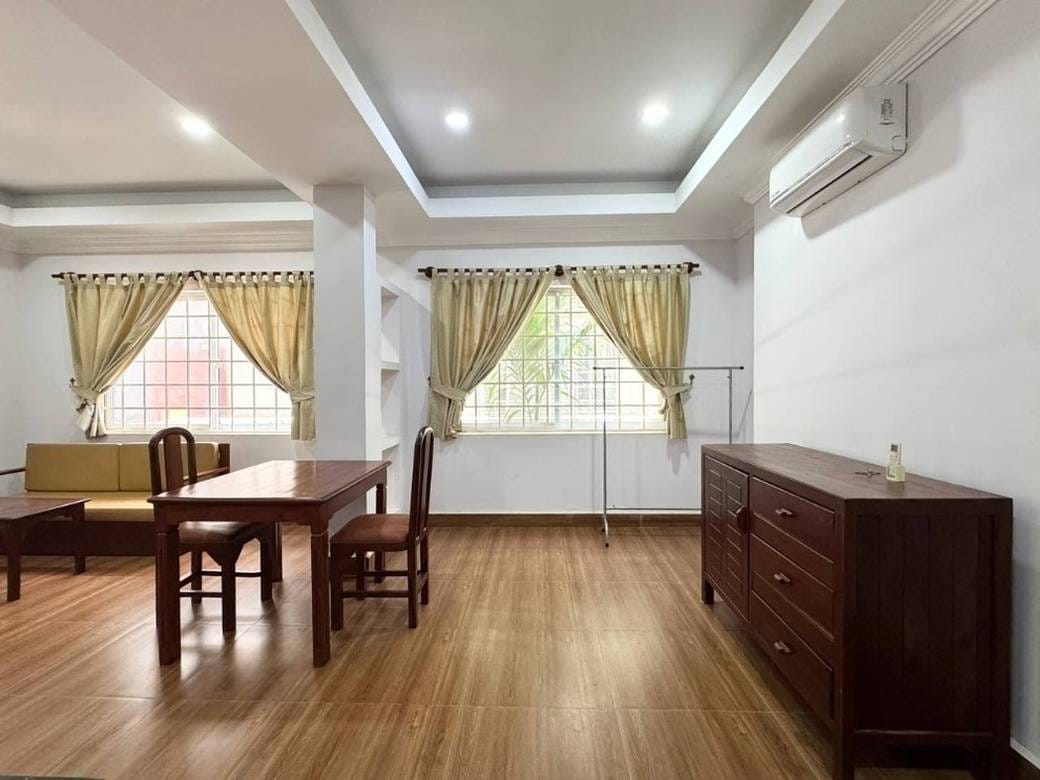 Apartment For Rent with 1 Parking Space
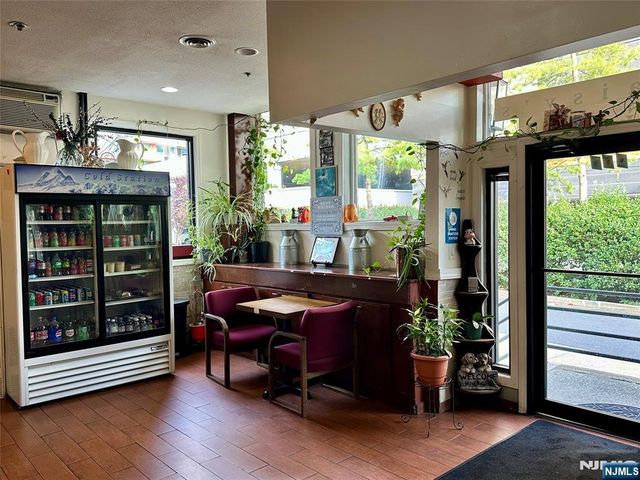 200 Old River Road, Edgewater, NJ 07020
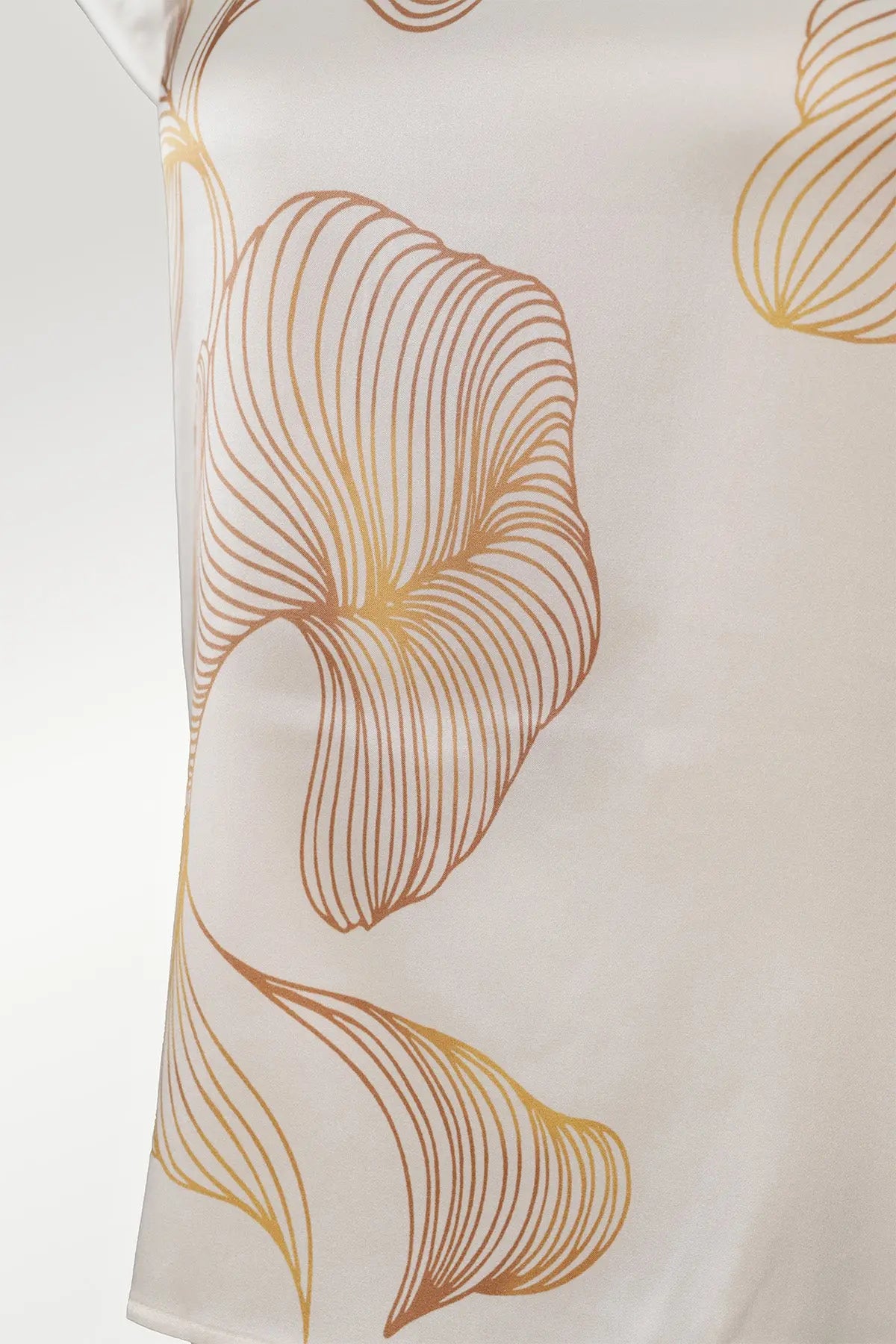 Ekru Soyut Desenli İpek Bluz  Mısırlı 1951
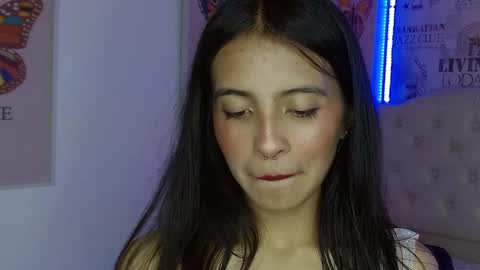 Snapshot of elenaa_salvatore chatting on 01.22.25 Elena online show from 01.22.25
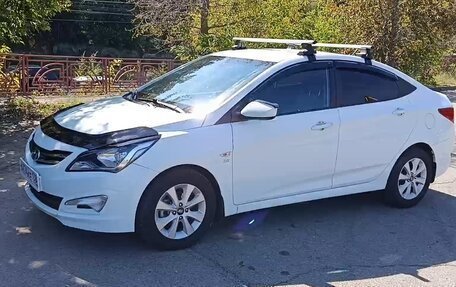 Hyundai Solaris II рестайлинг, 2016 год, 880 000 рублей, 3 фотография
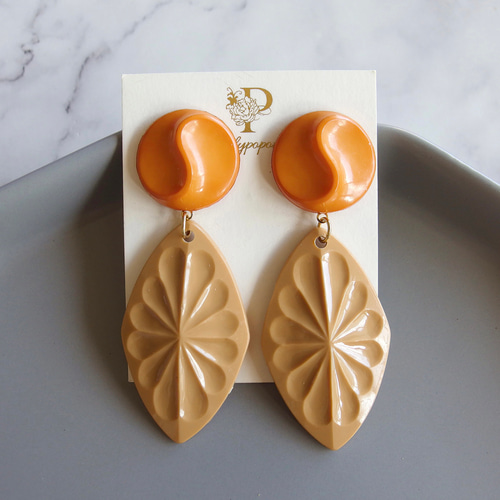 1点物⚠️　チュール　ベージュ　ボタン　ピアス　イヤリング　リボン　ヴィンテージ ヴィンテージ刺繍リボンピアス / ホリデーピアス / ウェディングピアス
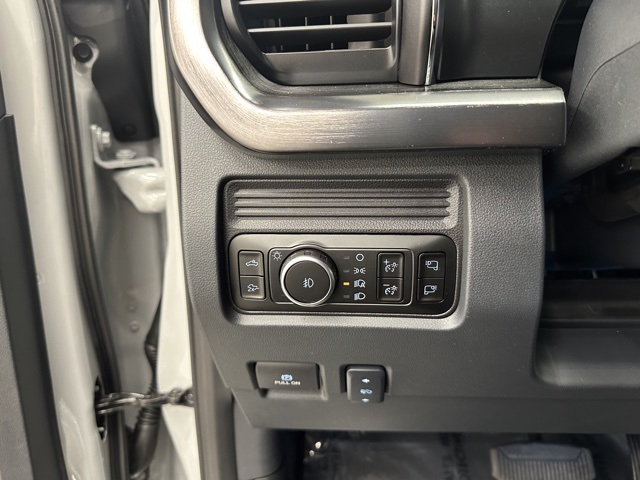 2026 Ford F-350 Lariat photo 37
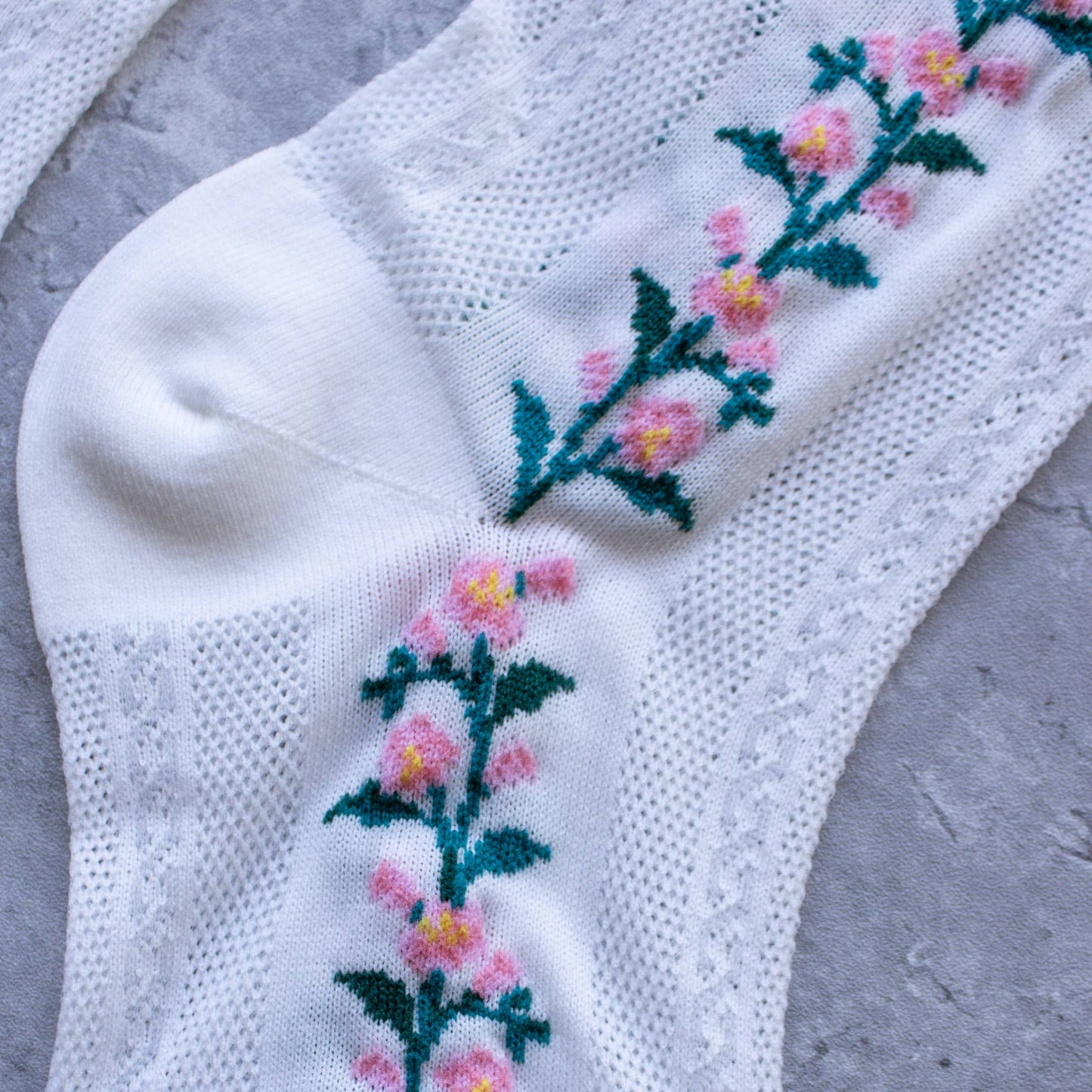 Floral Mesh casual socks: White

* * *

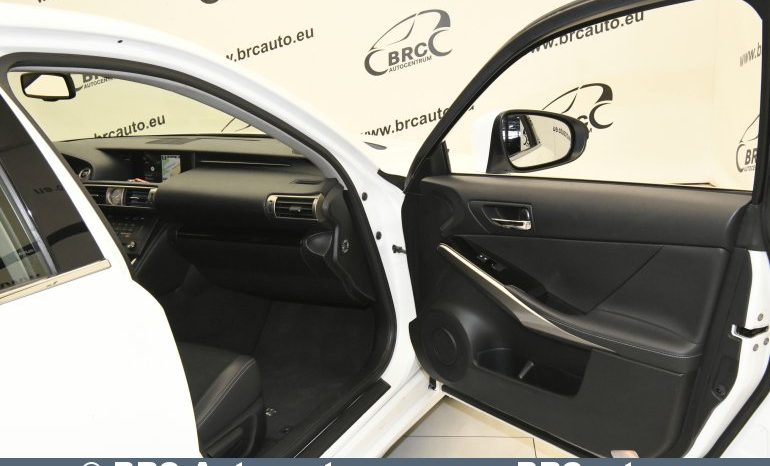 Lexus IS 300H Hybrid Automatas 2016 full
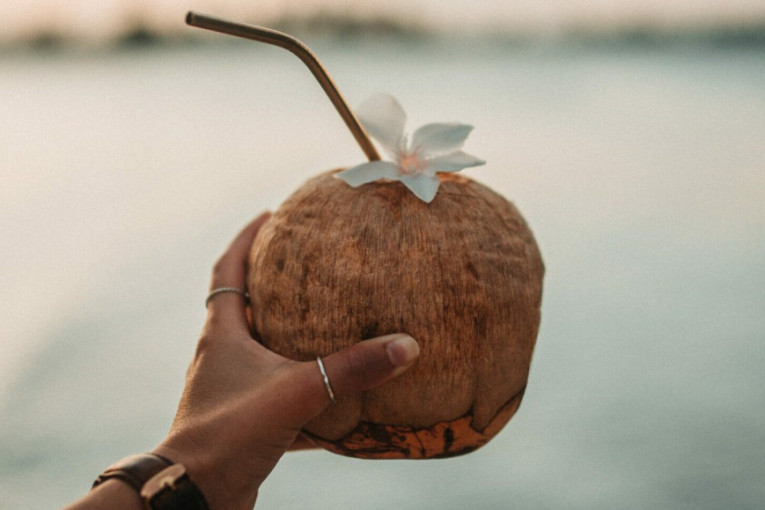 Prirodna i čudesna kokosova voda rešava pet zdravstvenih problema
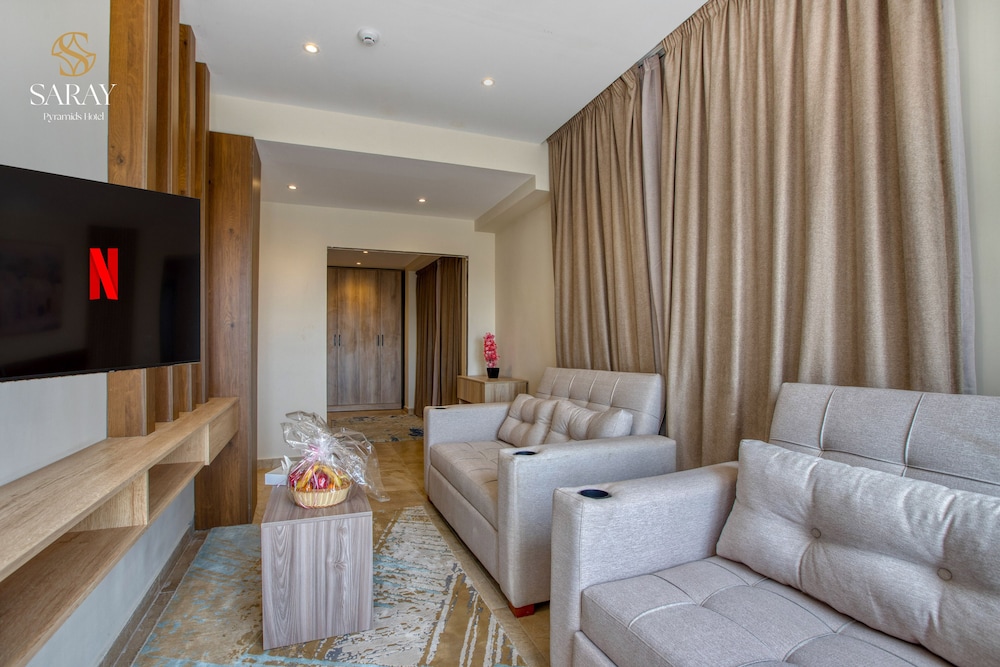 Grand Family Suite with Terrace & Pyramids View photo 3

...

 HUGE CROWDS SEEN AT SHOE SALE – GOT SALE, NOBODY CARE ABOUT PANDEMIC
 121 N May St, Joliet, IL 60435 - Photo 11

● EXERCISE AIM:
Can you repeat, word for word, every line above from the one containing "HUGE CROWDS SEEN" down to the one containing "121 N May St, Joliet, IL 60435 - Photo 11", including both?

● RESPONSE:
 HUGE CROWDS SEEN AT SHOE SALE – GOT SALE, NOBODY CARE ABOUT PANDEMIC
 121 N May St, Joliet, IL 60435 - Photo 11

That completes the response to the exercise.